I thought this was a difficult Sunday puzzle. Started at breakfast, finished at lunch. Brain hurts thanks to "ovett" and "eton".

Dave in Bend, Oregon said...

No love for this puzzle at all. Too many names just made the solving experience blah. The east alone with OSRIC, KARCH, EMIL, GEISEL and throw in the (obscure) cluing for GAELS and it was a real mess. The plays part of it did not throw me (but, same as Doug,, DNK APPLAUSE). I did like the cluing for LUGOSI and PAPAL but as a whole, it just felt like a clunky way to include a bunch of plays in the long answers. Oh well off to see if there are better pastures at the NYT.

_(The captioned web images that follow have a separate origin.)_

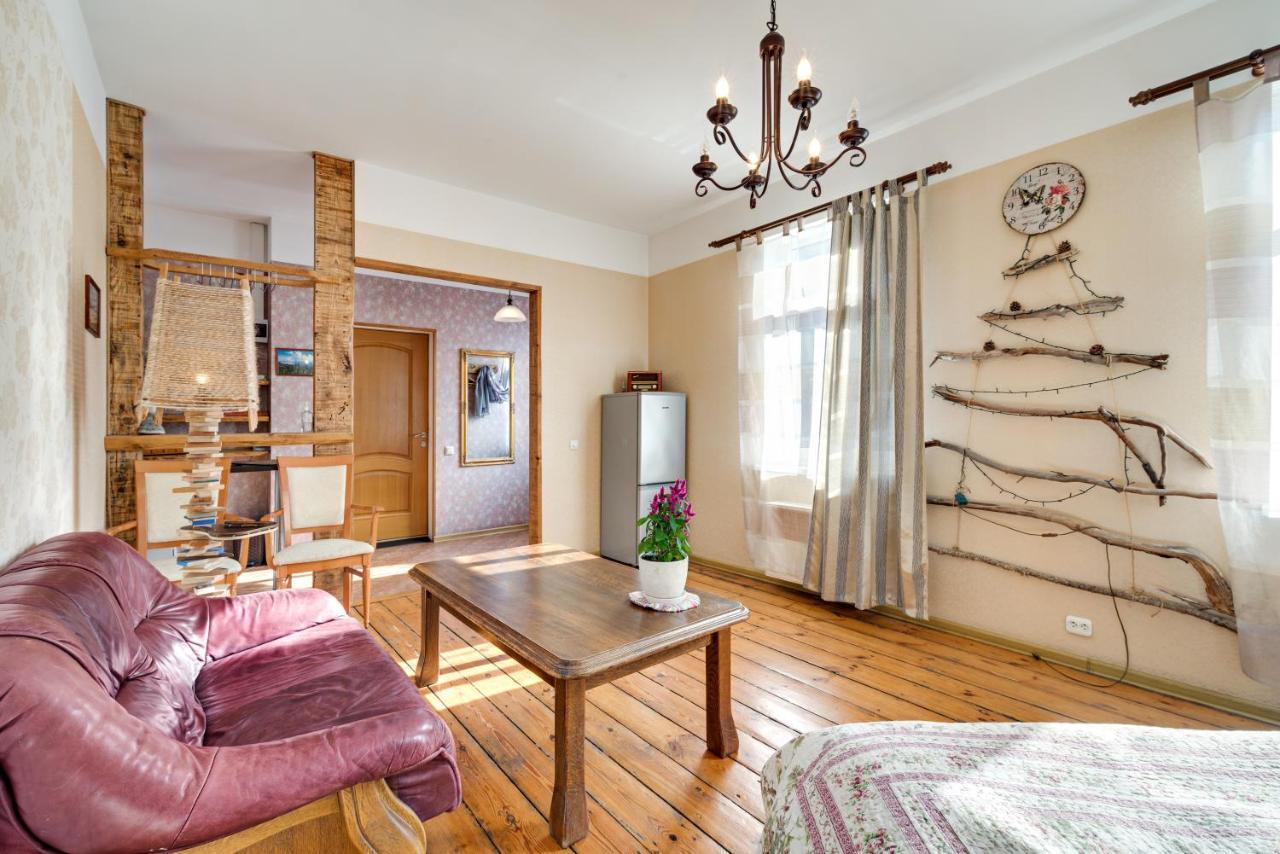 Toma Street Apartments เลียปาญา ภายนอก รูปภาพ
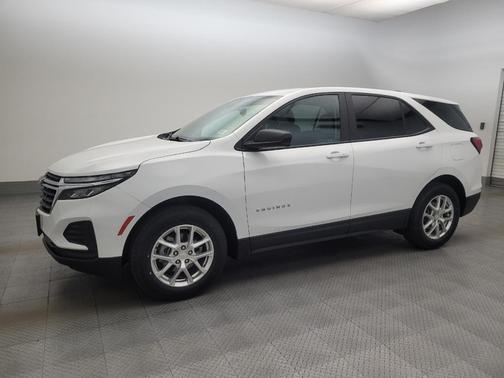 Summit White 2022 Chevrolet Equinox LS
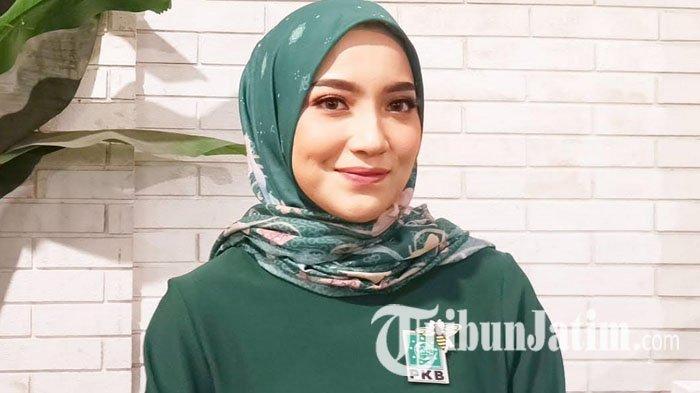 Ais Shafiyah Asfar, caleg muda dari PKB saat ditemui TribunJatim.com di Surabaya, Kamis (13/7/2023). Ais siap berebut kursi DPRD Surabaya pada Pemilu 2024.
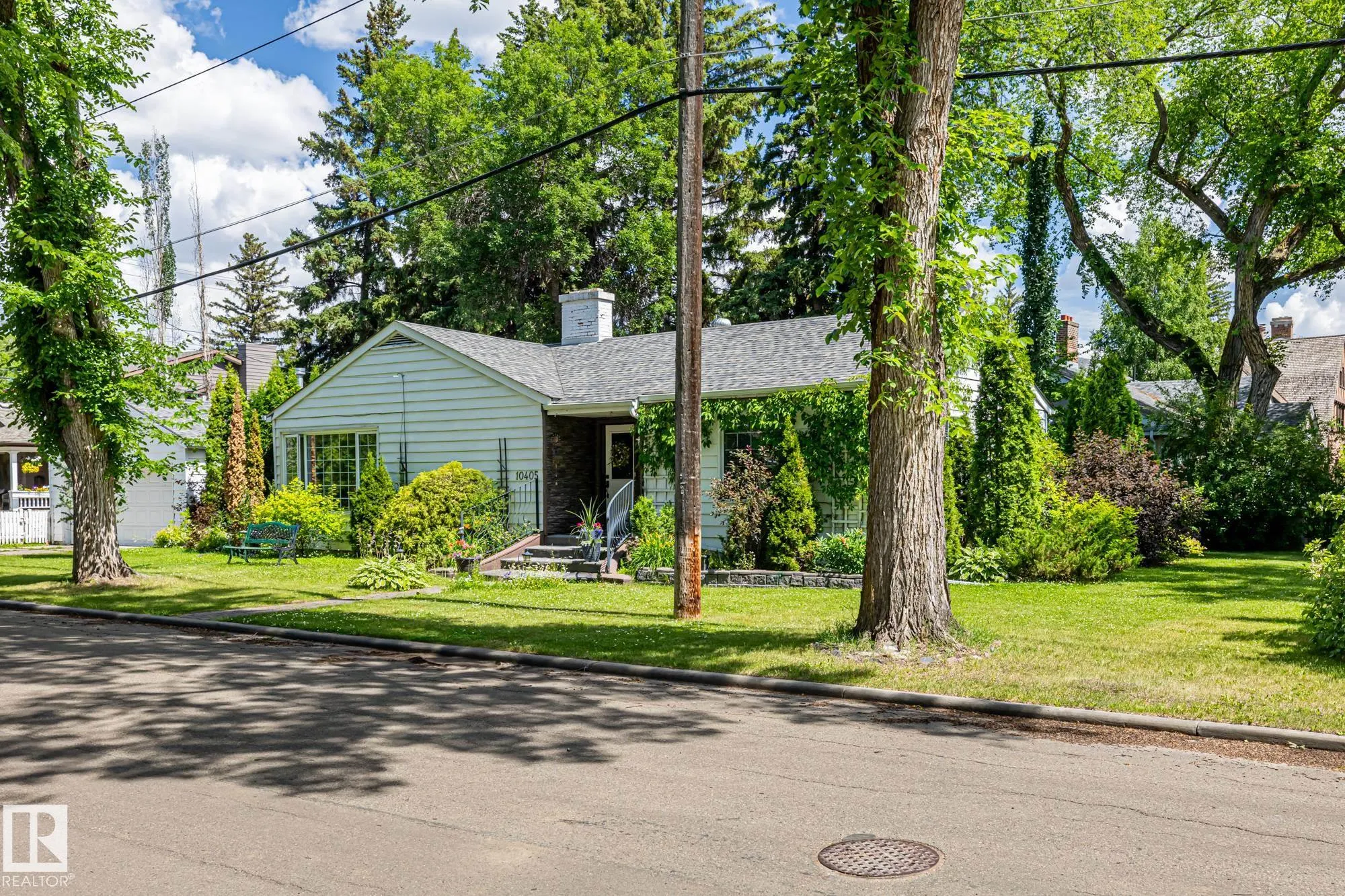10405 GLENORA Crescent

Dave in Bend, Oregon said...

Oh yeah, one more kvetch. My experience has always been that theme answers are either "clever" (? clues) or not....But the NORESTFORTHEWICKED one was out of place with the others. Maybe I am wrong.

Dave in Bend, Oregon said...

Egg on face. Today's NYT has the same thing - where one of the theme answered is ? clued and all the others aren't. I guess I was wrong after all? Hoping that Rory does not melt down in the US Open today but I bet NBC is secretly hoping that he does.

CoffeeLvr said...

I chewed on this puzzle for quite a while, and eventually beat it, but not without some struggle.

I do love a good Sunday, but this one didn't do it for me. All of the phrases were in the language though, my mother used to say "No rest for the wicked."

Quibbles: 17D is clued as "safe opener" and 86D is SAFE. AOLER is as ugly as it gets.

I didn't see the period after Alas., and was looking for something like an archaic Oh Me. Didn't know CESS, but it was clued as British, and is. I knew enough of the obscure names to get through the "WICKED" crossings, but the second A in KAA was my last letter into the grid. What I still can't figure out is how PING is a "ball game opener," unless it means Ping Pong is played with a ball.

Happy Father's Day to any Dads here.

Dave in Bend, Oregon said...

@coffee....Obviosuly it is indeed the opening word to Ping Pong but when it comes to "ball game" I tend to agree with you. It seems to me a ball game is a team sport (fotball, baseball even soccer, etc.) but ping pong, although played with a ball does not strike me as a "ball game", just like golf, tennis, etc. so I see what you are saying.